* _Material to process_:

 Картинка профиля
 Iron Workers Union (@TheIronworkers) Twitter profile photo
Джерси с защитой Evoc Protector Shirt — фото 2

---

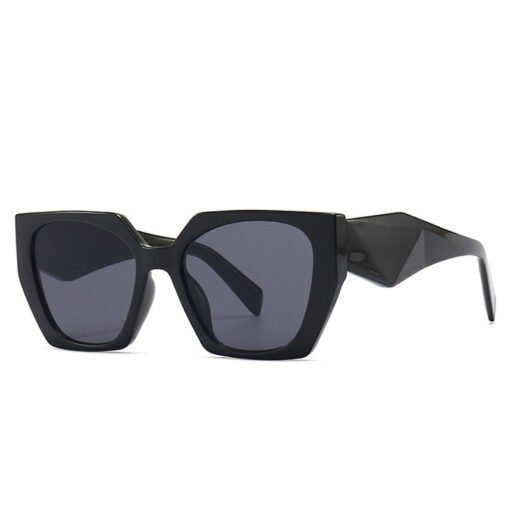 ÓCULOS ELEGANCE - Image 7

* _Task instructions_: Could you restate, word for word, the lines above from the one with "Картинка профиля" to the one with "Джерси с защитой", both included?

* _Answer_:
 Картинка профиля
 Iron Workers Union (@TheIronworkers) Twitter profile photo
Джерси с защитой Evoc Protector Shirt — фото 2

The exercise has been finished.